15. Op de zitting is nog besproken dat niet vast staat dat er door de voorgestelde begeleiding bij eiser ook daadwerkelijk een verbetering van de belastbaarheid optreedt. Dat is ook niet vereist om aan te nemen dat het ontbreken van het arbeidsvermogen bij eiser nu niet duurzaam is. Mocht de verwachte verbetering ondanks begeleiding, ervaring en ontwikkeling zich niet voordoen dan kan eiser opnieuw een aanvraag om een Wajong-uitkering bij het Uwv indienen. Namens het Uwv is daarbij ter voorlichting van eiser opgemerkt dat duurzaamheid in de regel wordt aangenomen als het arbeidsvermogen gedurende een periode van tien jaar ontbreekt. [10]
16. Eiser heeft eerst op de zitting nog aangevoerd dat de arbeidsdeskundige bezwaar en beroep in zijn rapport van 25 augustus 2022 niet inhoudelijk heeft gereageerd op het ontbreken van werknemersvaardigheden bij eiser. De rechtbank stelt vast dat dit argument van eiser te maken heeft met de beoordeling van het arbeidsvermogen. In de rapporten van de verzekeringsartsen en arbeidsdeskundigen van het Uwv is duidelijk opgeschreven dat eiser nu geen arbeidsvermogen heeft. Bij zijn beoordeling hoefde de arbeidsdeskundige van het Uwv daarom niet nader te onderbouwen of eiser al dan niet over werknemersvaardigheden beschikt. De beoordeling in deze zaak gaan alleen over de duurzaamheid. De rechtbank beoordeelt deze grond van eiser daarom niet.
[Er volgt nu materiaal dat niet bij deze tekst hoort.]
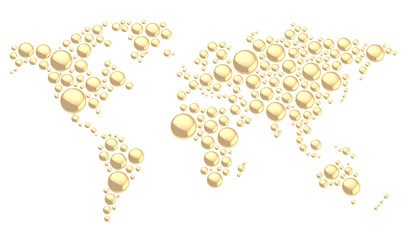 World map made of round shapes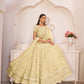 Rajwada Lime Green Net Embroidered Semi Stitched Lehenga For Women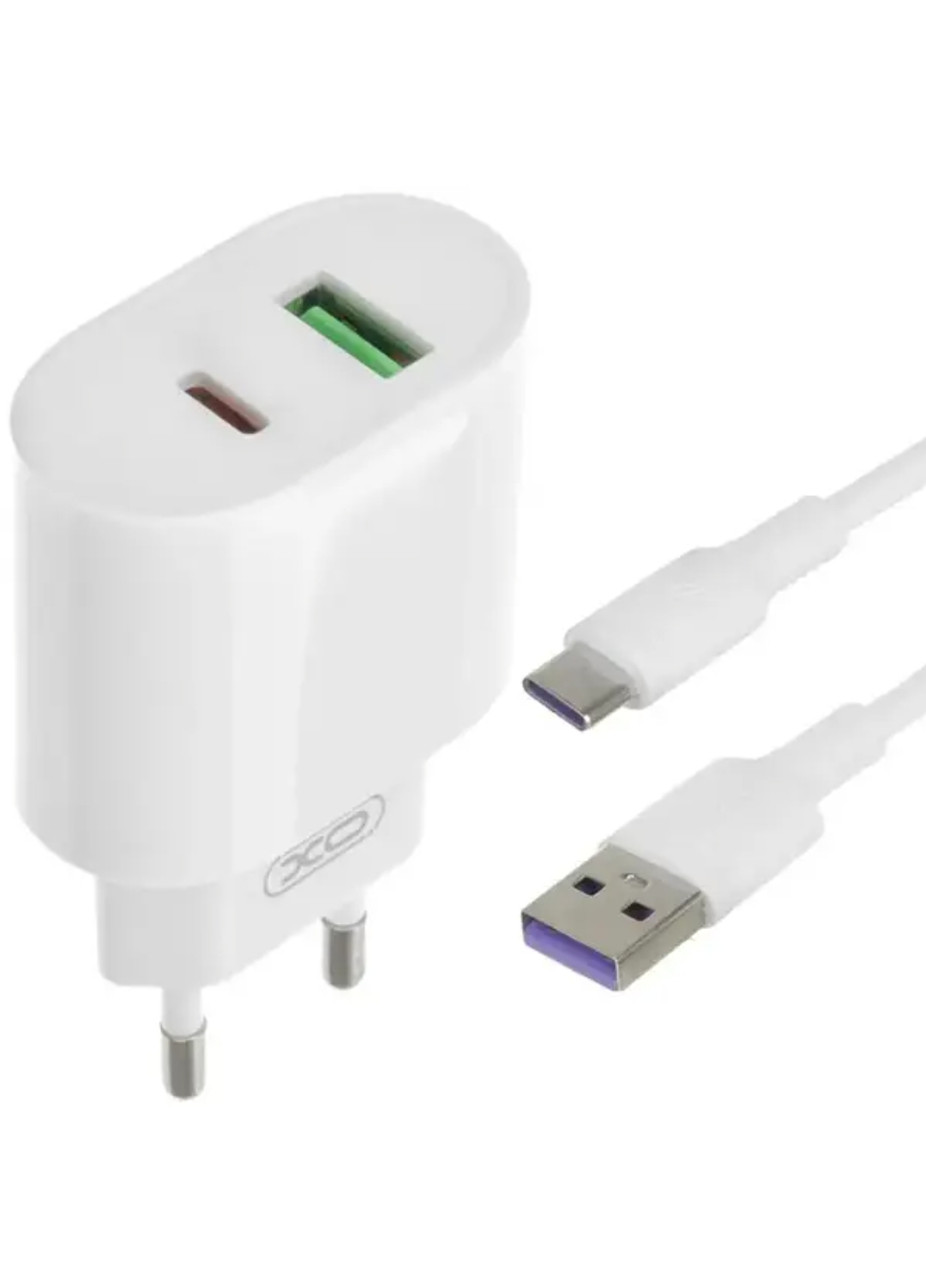 Блок живлення XO-L81A з кабелем Type C швидка зарядка QC 3.0 USB 18W + Type C (PD 20W)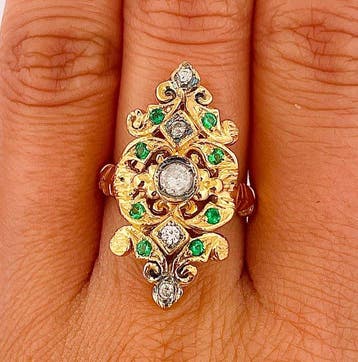 Zonder minimumprijs - Ring - 9 kt. Geel goud, Zilver Diamant, Nieuw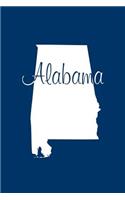 Alabama - Navy Blue Lined Notebook with Margins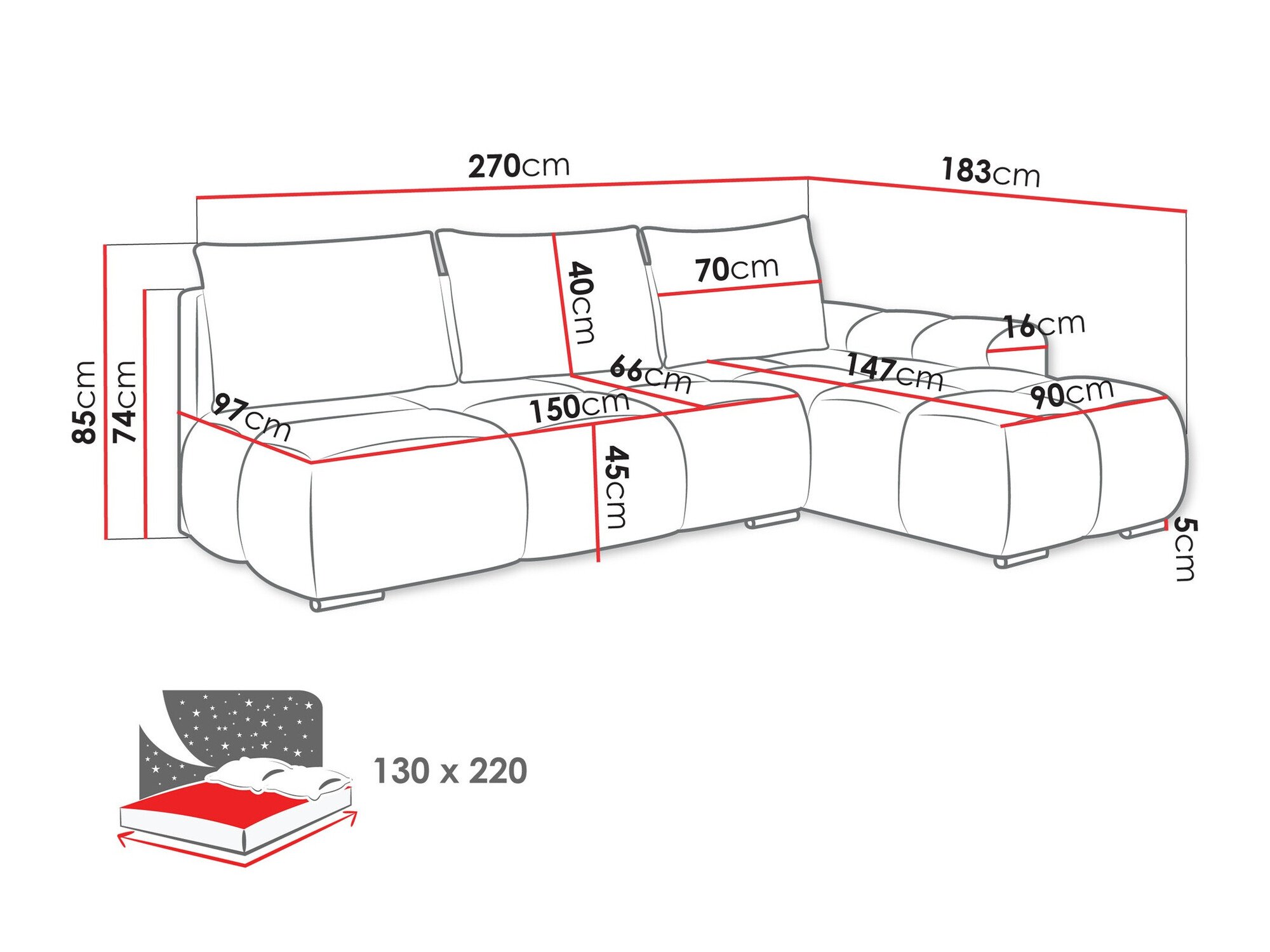 Canapé d'angle Camden 106 (Velo 635)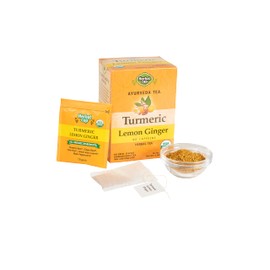 Herbal Cup Ayurveda Turmeric Tea, Organic Lemon Ginger, No Caffeine Herbal Teas (Organic Lemon Ginger, 16 Count (Pack of 1))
Welke gevolgen heeft dit oordeel van de rechtbank?

17. De rechtbank dat vindt het besluit van het Uwv om aan eiser geen Wajong-uitkering te geven klopt. Het Uwv mocht daarom op basis van de rapporten van zijn verzekeringsartsen en arbeidsdeskundigen van uit gaan dat eiser in de periode van vijf jaar na zijn 18e verjaardag geen arbeidsvermogen heeft, maar dat dat niet duurzaam zo is. Het Uwv heeft daarom terecht beslist dat eiser geen recht heeft op een Wajong-uitkering.
18. Dit betekent dat het beroep dat eiser bij de rechtbank heeft ingesteld ongegrond is. Eiser krijgt daarom zijn griffierecht niet terug. Hij krijgt ook geen vergoeding van de kosten die hij heeft gemaakt in verband met deze procedure bij de rechtbank.

Beslissing

De rechtbank verklaart het beroep ongegrond.
Deze uitspraak is gedaan door mr. J.R. van Es-de Vries, rechter, in aanwezigheid van mr. C.H. Verweij, griffier. De beslissing is in het openbaar uitgesproken op 23 februari 2023.
De rechter is verhinderd
deze uitspraak te tekenen.
griffier rechter
Afschrift verzonden aan partijen op:

Rechtsmiddel

Tegen deze uitspraak kan binnen zes weken na de dag van verzending daarvan hoger beroep worden ingesteld bij de Centrale Raad van Beroep.

Voetnoten

1.Artikel 1a:1, tweede lid, van de Wajong.
2.Dit staat in artikel 1a:2, eerste lid, van de Wajong.
3.Dit staat in artikel 1a:1 van de Wajong.
4.Dit staat in artikel 1a:1, eerste lid, onder a, van de Wajong
5.Dit staat in artikel 1a:1, tweede lid, van de Wajong
6.Dit staat in artikel 1a, eerste lid, van het Schattingsbesluit arbeidsongeschiktheidswetten.
7.Dit staat in artikel 1a:1, vierde lid, van de Wajong.
8.Dit stappenplan is te vinden in Bijlage 1 van het ‘Compendium Participatiewet’.
10.Dit volgt uit artikel 1a:1, derde lid, van de Wajong.